[TASK REQUIREMENTS]: A single stretch of the material below is to be transcribed exactly, starting at the line with "Hotelli The Pink" and ending after the line with "MERCEDES BENZ EQA".

[DATA FOR REVIEW]:
------------------------------------------------------------

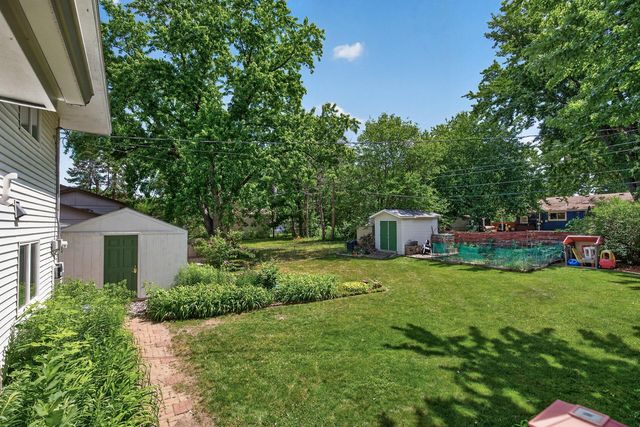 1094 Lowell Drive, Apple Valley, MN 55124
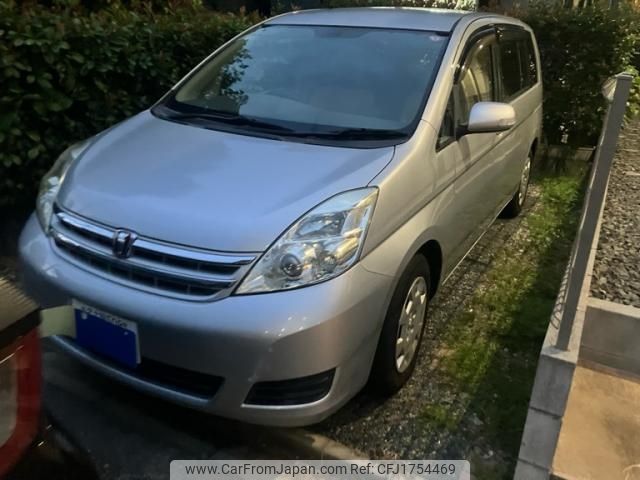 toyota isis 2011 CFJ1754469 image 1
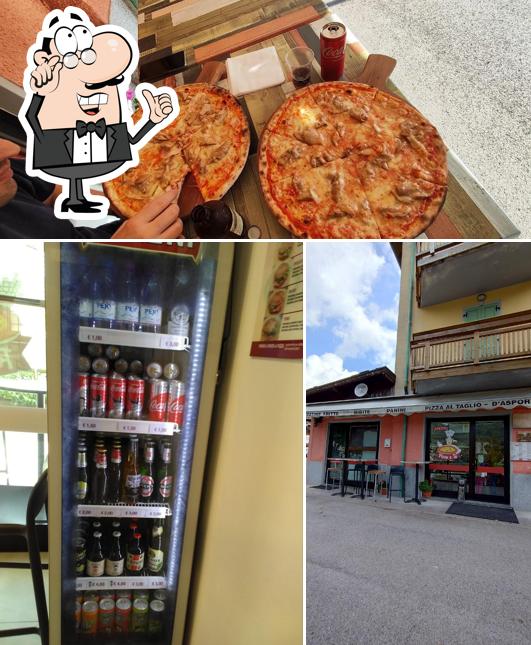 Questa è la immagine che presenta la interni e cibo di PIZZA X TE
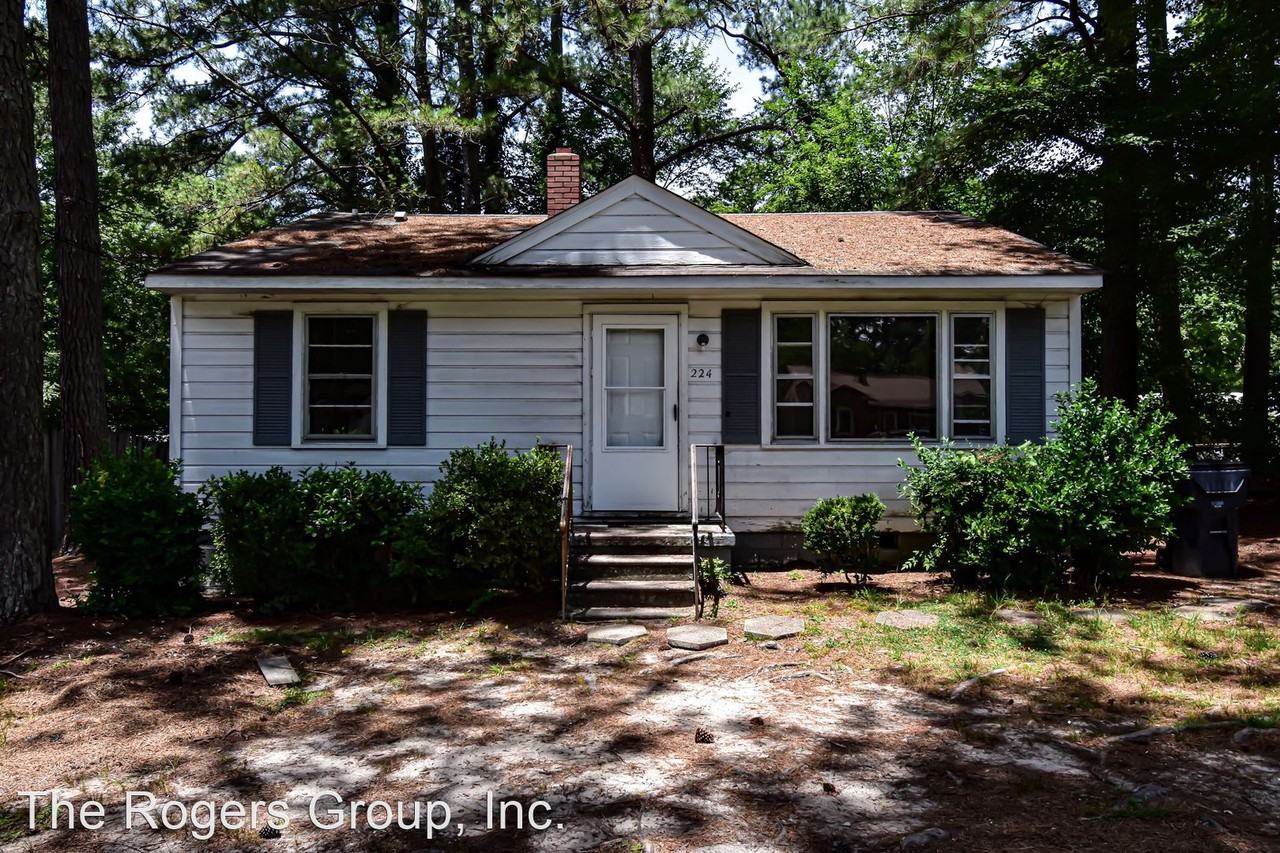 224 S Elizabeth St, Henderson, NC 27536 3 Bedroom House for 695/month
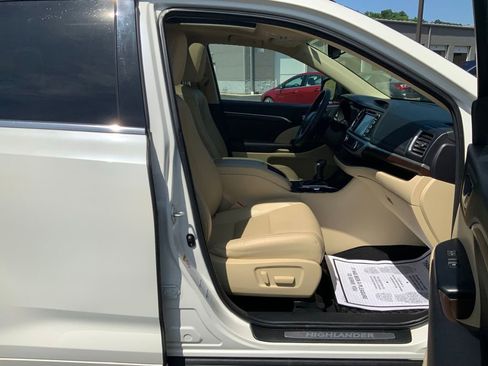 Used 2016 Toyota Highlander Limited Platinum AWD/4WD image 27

------------------------------------------------------------

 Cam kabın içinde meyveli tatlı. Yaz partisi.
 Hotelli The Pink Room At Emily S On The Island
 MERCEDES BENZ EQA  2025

------------------------------------------------------------

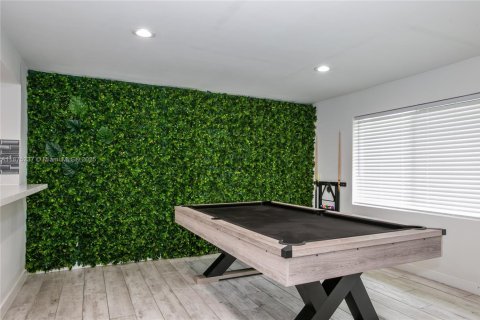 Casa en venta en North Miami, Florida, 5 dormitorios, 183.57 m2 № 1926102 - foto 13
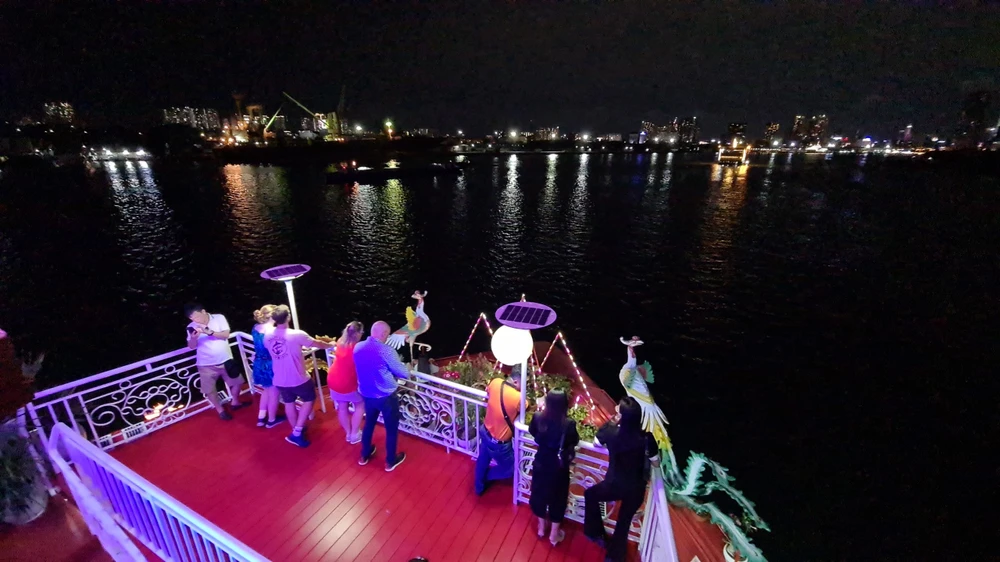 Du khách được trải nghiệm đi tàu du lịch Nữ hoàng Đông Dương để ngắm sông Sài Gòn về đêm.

------------------------------------------------------------

[ANSWER BOX]:
 Hotelli The Pink Room At Emily S On The Island
 MERCEDES BENZ EQA  2025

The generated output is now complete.